(Short web captions)

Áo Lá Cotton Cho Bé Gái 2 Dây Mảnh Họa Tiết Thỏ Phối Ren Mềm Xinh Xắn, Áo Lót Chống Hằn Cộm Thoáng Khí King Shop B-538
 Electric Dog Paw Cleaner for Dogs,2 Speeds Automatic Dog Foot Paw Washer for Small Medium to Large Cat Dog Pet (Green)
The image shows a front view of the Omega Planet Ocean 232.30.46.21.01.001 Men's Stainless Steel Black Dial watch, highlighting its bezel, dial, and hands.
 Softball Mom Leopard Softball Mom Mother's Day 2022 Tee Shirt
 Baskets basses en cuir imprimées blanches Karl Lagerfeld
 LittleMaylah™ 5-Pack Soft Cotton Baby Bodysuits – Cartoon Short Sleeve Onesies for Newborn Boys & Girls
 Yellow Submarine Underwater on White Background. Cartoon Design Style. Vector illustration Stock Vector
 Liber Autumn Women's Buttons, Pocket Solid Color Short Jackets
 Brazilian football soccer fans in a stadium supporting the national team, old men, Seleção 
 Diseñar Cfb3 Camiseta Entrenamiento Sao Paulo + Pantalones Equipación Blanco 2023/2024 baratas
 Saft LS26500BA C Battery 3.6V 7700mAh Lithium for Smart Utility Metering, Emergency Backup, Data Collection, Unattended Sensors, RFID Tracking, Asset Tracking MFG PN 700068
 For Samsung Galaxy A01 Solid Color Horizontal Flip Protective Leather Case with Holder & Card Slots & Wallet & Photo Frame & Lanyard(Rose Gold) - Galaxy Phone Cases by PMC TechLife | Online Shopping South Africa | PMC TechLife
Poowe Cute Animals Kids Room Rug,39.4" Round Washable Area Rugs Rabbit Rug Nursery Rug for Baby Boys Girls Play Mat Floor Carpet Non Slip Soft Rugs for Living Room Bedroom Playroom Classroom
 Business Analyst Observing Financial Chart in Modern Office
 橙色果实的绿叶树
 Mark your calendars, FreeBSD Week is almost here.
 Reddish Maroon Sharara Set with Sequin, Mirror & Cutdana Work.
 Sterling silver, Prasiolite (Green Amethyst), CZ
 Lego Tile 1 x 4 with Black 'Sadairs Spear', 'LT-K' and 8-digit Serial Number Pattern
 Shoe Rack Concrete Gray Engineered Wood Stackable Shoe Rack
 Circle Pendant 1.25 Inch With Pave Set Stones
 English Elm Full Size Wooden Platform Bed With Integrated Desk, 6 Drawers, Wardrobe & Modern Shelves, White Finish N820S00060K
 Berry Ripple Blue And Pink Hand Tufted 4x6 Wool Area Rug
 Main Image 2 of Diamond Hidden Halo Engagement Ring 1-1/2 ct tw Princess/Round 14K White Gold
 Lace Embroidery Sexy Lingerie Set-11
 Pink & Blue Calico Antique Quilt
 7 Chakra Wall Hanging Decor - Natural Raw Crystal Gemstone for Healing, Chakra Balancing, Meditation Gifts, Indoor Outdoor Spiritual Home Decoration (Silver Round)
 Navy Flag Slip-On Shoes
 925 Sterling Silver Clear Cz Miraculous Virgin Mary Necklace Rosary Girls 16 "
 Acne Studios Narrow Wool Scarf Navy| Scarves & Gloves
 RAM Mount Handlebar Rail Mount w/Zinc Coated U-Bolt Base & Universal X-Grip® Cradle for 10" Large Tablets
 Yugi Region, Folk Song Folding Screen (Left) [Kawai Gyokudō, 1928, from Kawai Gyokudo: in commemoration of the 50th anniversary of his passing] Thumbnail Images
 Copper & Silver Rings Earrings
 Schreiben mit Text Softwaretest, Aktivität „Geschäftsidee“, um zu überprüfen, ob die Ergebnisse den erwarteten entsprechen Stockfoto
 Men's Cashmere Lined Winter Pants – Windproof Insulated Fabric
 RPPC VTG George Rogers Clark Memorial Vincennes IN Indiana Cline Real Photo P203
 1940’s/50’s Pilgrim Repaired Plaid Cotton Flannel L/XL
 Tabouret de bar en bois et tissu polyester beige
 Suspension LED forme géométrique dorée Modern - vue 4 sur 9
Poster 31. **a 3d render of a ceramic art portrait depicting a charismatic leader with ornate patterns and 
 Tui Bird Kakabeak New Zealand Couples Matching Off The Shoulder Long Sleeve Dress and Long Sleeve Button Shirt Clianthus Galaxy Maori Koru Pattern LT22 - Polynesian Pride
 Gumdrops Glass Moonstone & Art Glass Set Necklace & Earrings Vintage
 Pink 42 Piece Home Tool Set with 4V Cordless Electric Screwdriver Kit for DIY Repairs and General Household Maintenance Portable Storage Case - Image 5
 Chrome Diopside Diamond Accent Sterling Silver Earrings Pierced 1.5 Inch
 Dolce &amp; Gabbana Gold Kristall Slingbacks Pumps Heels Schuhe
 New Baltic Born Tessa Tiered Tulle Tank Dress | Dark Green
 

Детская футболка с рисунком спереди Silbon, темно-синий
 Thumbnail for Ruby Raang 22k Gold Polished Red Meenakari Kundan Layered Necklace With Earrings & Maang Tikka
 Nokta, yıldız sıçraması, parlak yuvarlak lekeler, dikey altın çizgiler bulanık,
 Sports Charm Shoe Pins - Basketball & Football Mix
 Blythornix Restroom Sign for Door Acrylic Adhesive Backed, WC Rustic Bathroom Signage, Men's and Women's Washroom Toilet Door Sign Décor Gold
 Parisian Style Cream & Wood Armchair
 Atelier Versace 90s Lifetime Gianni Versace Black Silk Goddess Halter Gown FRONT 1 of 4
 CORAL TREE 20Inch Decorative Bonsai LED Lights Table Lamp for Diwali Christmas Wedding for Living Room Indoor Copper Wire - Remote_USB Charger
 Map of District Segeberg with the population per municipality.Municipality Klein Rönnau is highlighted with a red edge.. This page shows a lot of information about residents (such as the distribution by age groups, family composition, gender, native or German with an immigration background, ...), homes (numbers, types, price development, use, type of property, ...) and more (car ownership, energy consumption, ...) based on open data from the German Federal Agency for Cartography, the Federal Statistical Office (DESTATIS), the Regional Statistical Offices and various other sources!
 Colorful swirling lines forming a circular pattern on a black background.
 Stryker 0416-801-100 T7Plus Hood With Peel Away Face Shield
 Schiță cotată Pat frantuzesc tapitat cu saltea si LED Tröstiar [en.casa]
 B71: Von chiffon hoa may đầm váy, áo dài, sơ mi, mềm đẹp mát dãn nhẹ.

- [ASSIGNMENT]
Repeat the data exactly. Omit nothing.

- [RESPONSE TO THE EXERCISE]
Áo Lá Cotton Cho Bé Gái 2 Dây Mảnh Họa Tiết Thỏ Phối Ren Mềm Xinh Xắn, Áo Lót Chống Hằn Cộm Thoáng Khí King Shop B-538
 Electric Dog Paw Cleaner for Dogs,2 Speeds Automatic Dog Foot Paw Washer for Small Medium to Large Cat Dog Pet (Green)
The image shows a front view of the Omega Planet Ocean 232.30.46.21.01.001 Men's Stainless Steel Black Dial watch, highlighting its bezel, dial, and hands.
 Softball Mom Leopard Softball Mom Mother's Day 2022 Tee Shirt
 Baskets basses en cuir imprimées blanches Karl Lagerfeld
 LittleMaylah™ 5-Pack Soft Cotton Baby Bodysuits – Cartoon Short Sleeve Onesies for Newborn Boys & Girls
 Yellow Submarine Underwater on White Background. Cartoon Design Style. Vector illustration Stock Vector
 Liber Autumn Women's Buttons, Pocket Solid Color Short Jackets
 Brazilian football soccer fans in a stadium supporting the national team, old men, Seleção 
 Diseñar Cfb3 Camiseta Entrenamiento Sao Paulo + Pantalones Equipación Blanco 2023/2024 baratas
 Saft LS26500BA C Battery 3.6V 7700mAh Lithium for Smart Utility Metering, Emergency Backup, Data Collection, Unattended Sensors, RFID Tracking, Asset Tracking MFG PN 700068
 For Samsung Galaxy A01 Solid Color Horizontal Flip Protective Leather Case with Holder & Card Slots & Wallet & Photo Frame & Lanyard(Rose Gold) - Galaxy Phone Cases by PMC TechLife | Online Shopping South Africa | PMC TechLife
Poowe Cute Animals Kids Room Rug,39.4" Round Washable Area Rugs Rabbit Rug Nursery Rug for Baby Boys Girls Play Mat Floor Carpet Non Slip Soft Rugs for Living Room Bedroom Playroom Classroom
 Business Analyst Observing Financial Chart in Modern Office
 橙色果实的绿叶树
 Mark your calendars, FreeBSD Week is almost here.
 Reddish Maroon Sharara Set with Sequin, Mirror & Cutdana Work.
 Sterling silver, Prasiolite (Green Amethyst), CZ
 Lego Tile 1 x 4 with Black 'Sadairs Spear', 'LT-K' and 8-digit Serial Number Pattern
 Shoe Rack Concrete Gray Engineered Wood Stackable Shoe Rack
 Circle Pendant 1.25 Inch With Pave Set Stones
 English Elm Full Size Wooden Platform Bed With Integrated Desk, 6 Drawers, Wardrobe & Modern Shelves, White Finish N820S00060K
 Berry Ripple Blue And Pink Hand Tufted 4x6 Wool Area Rug
 Main Image 2 of Diamond Hidden Halo Engagement Ring 1-1/2 ct tw Princess/Round 14K White Gold
 Lace Embroidery Sexy Lingerie Set-11
 Pink & Blue Calico Antique Quilt
 7 Chakra Wall Hanging Decor - Natural Raw Crystal Gemstone for Healing, Chakra Balancing, Meditation Gifts, Indoor Outdoor Spiritual Home Decoration (Silver Round)
 Navy Flag Slip-On Shoes
 925 Sterling Silver Clear Cz Miraculous Virgin Mary Necklace Rosary Girls 16 "
 Acne Studios Narrow Wool Scarf Navy| Scarves & Gloves
 RAM Mount Handlebar Rail Mount w/Zinc Coated U-Bolt Base & Universal X-Grip® Cradle for 10" Large Tablets
 Yugi Region, Folk Song Folding Screen (Left) [Kawai Gyokudō, 1928, from Kawai Gyokudo: in commemoration of the 50th anniversary of his passing] Thumbnail Images
 Copper & Silver Rings Earrings
 Schreiben mit Text Softwaretest, Aktivität „Geschäftsidee“, um zu überprüfen, ob die Ergebnisse den erwarteten entsprechen Stockfoto
 Men's Cashmere Lined Winter Pants – Windproof Insulated Fabric
 RPPC VTG George Rogers Clark Memorial Vincennes IN Indiana Cline Real Photo P203
 1940’s/50’s Pilgrim Repaired Plaid Cotton Flannel L/XL
 Tabouret de bar en bois et tissu polyester beige
 Suspension LED forme géométrique dorée Modern - vue 4 sur 9
Poster 31. **a 3d render of a ceramic art portrait depicting a charismatic leader with ornate patterns and 
 Tui Bird Kakabeak New Zealand Couples Matching Off The Shoulder Long Sleeve Dress and Long Sleeve Button Shirt Clianthus Galaxy Maori Koru Pattern LT22 - Polynesian Pride
 Gumdrops Glass Moonstone & Art Glass Set Necklace & Earrings Vintage
 Pink 42 Piece Home Tool Set with 4V Cordless Electric Screwdriver Kit for DIY Repairs and General Household Maintenance Portable Storage Case - Image 5
 Chrome Diopside Diamond Accent Sterling Silver Earrings Pierced 1.5 Inch
 Dolce &amp; Gabbana Gold Kristall Slingbacks Pumps Heels Schuhe
 New Baltic Born Tessa Tiered Tulle Tank Dress | Dark Green
 

Детская футболка с рисунком спереди Silbon, темно-синий
 Thumbnail for Ruby Raang 22k Gold Polished Red Meenakari Kundan Layered Necklace With Earrings & Maang Tikka
 Nokta, yıldız sıçraması, parlak yuvarlak lekeler, dikey altın çizgiler bulanık,
 Sports Charm Shoe Pins - Basketball & Football Mix
 Blythornix Restroom Sign for Door Acrylic Adhesive Backed, WC Rustic Bathroom Signage, Men's and Women's Washroom Toilet Door Sign Décor Gold
 Parisian Style Cream & Wood Armchair
 Atelier Versace 90s Lifetime Gianni Versace Black Silk Goddess Halter Gown FRONT 1 of 4
 CORAL TREE 20Inch Decorative Bonsai LED Lights Table Lamp for Diwali Christmas Wedding for Living Room Indoor Copper Wire - Remote_USB Charger
 Map of District Segeberg with the population per municipality.Municipality Klein Rönnau is highlighted with a red edge.. This page shows a lot of information about residents (such as the distribution by age groups, family composition, gender, native or German with an immigration background, ...), homes (numbers, types, price development, use, type of property, ...) and more (car ownership, energy consumption, ...) based on open data from the German Federal Agency for Cartography, the Federal Statistical Office (DESTATIS), the Regional Statistical Offices and various other sources!
 Colorful swirling lines forming a circular pattern on a black background.
 Stryker 0416-801-100 T7Plus Hood With Peel Away Face Shield
 Schiță cotată Pat frantuzesc tapitat cu saltea si LED Tröstiar [en.casa]
 B71: Von chiffon hoa may đầm váy, áo dài, sơ mi, mềm đẹp mát dãn nhẹ.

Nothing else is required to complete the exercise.